**GIVEN RECORDS**.
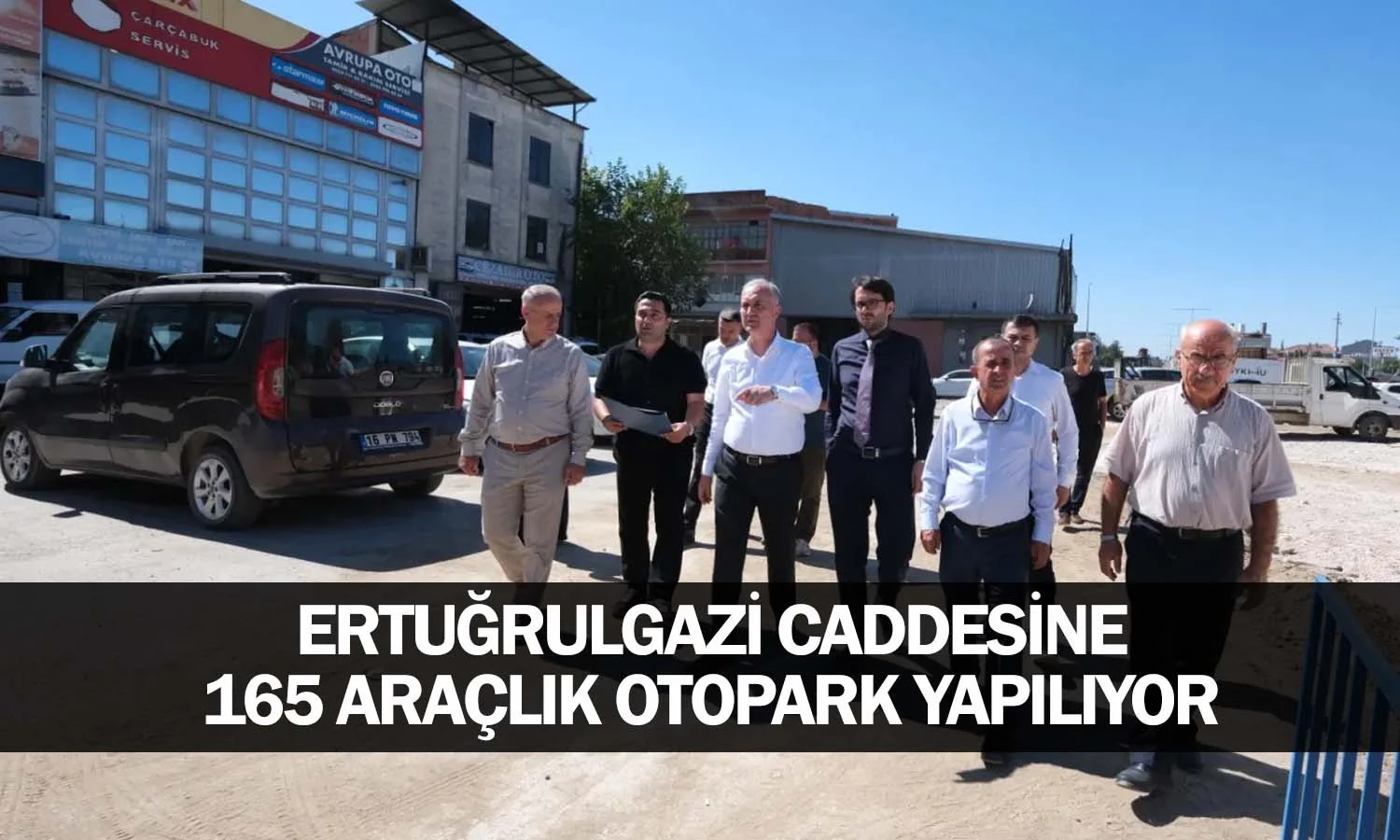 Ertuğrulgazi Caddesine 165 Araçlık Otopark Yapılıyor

==

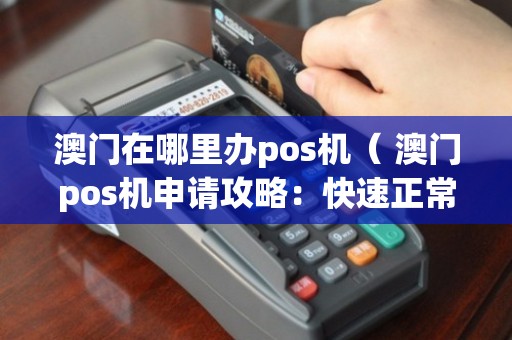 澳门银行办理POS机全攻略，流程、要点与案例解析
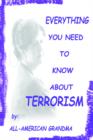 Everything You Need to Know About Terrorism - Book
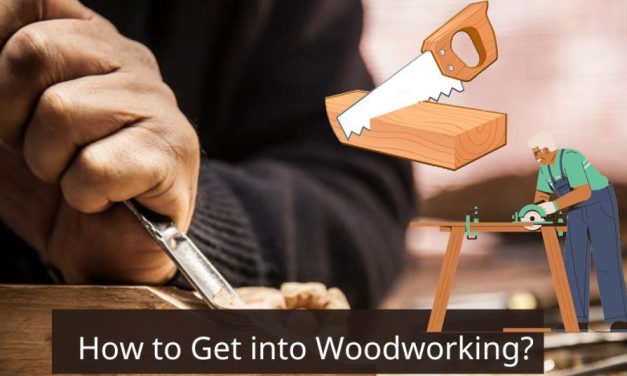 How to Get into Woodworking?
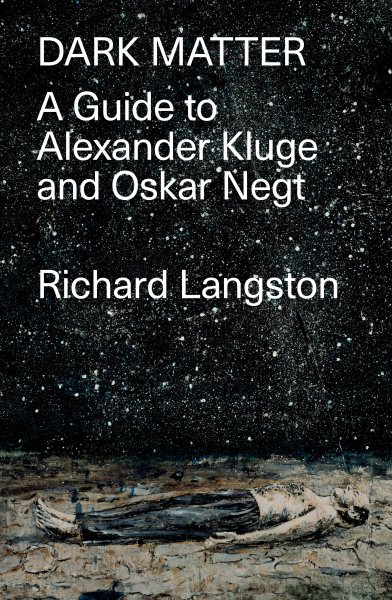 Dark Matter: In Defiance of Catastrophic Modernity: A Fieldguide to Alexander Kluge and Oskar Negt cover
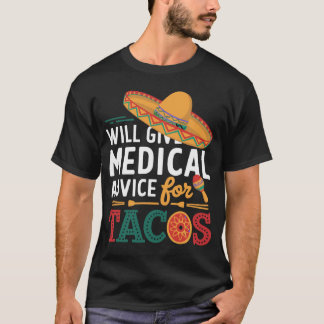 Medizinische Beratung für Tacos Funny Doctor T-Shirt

**WHAT IS NEEDED**. Above is the material; set down exactly its lines from the one containing "Everything You Need" down to the one containing "Medizinische Beratung für", both included, leaving out any pictures.

**RESPONSE AREA**.
 Everything You Need to Know About Terrorism - Book
 How to Get into Woodworking?
 Dark Matter: In Defiance of Catastrophic Modernity: A Fieldguide to Alexander Kluge and Oskar Negt cover
 Medizinische Beratung für Tacos Funny Doctor T-Shirt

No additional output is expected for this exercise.